It is a site that has online materials for maintaining a PE,PA, etc., with course material, quizzes, etc. for a fee.

But it will allow you to download the course material for free.

All you have to do is register and download the course materials. You have to go through a couple intermediate steps before you get the link to the materials.

It has an entire section on control systems and instrumentation.

Take a look at that.
 
I learned myself and have done a number of major projects in water treatment plants for the City of Toronto. In fact they want all of their water and wastewater plants done this way. I assume you are talking about HVAC DDC controls? Do you know industrial PLC’s?
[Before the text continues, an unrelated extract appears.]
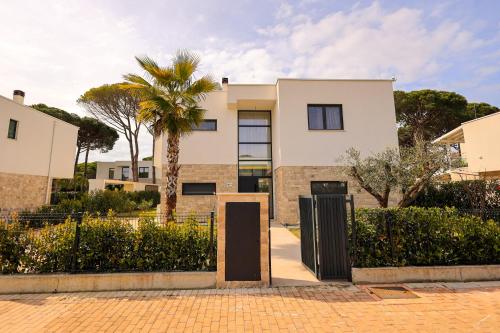 a house with a palm tree in front of it at SanPietro Premium Villas in Draçi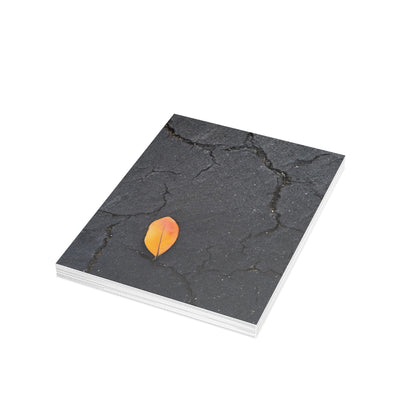 Orange Leaf on Black Concrete Inspirational Postcard – Minimalist Autumn Decor for Modern Homes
If you do then you will easily understand HVAC DDC controls. DDC is the HVAC industry answer to industrial manufacturing PLC’s. The best thing to do is to get a Johnson rep in to talk to you about their product and they will guide you through how to set up the architecture of the system. One word of caution, never assume the programmers from Johnson, for example, know control of individual pieces of HVAC equipment. The best thing is for you to write down a narrative of how the equipment is supposed to work. List all the statuses that you want programmed and list all of the alarms you want to see programmed. From there you can determine what you need to have installed to allow the HVAC equipment to talk to the DDC controller. You need to have a better than basic understanding of electricity and electrical circuits and a really good understanding of how HVAC equipment works. If you don’t understand the minute details of control of HVAC equipment don’t assume that the Johnson programmer knows
 
this is a broad subject and it would be best to understand what kind of controls you want to learn about. If your looking at how DDC controls works with fire protection, like smoke detectors that is easy. Most of the BAS systems of today like, Honeywell, Carrier or Trane are plug and play. Ask for some owner manuals and Installation manuals and you can read through how they operate and what they do. Also, get your hands on some control asbilts and the sequence of operations from office buildings or plants.. That will go along way understanding functionality. Because if you jump into logic and all that at first, you will fry your brain. Once you understand how things work, how it is used and where etc.. you then can dive into logic and design or make changes for a particular application. One last thing, if you don't use it, you loose it.. I have an old Carrier parker system in a building.. when I don't keep up with it, it takes me a bit to remember how things work when I have a problem.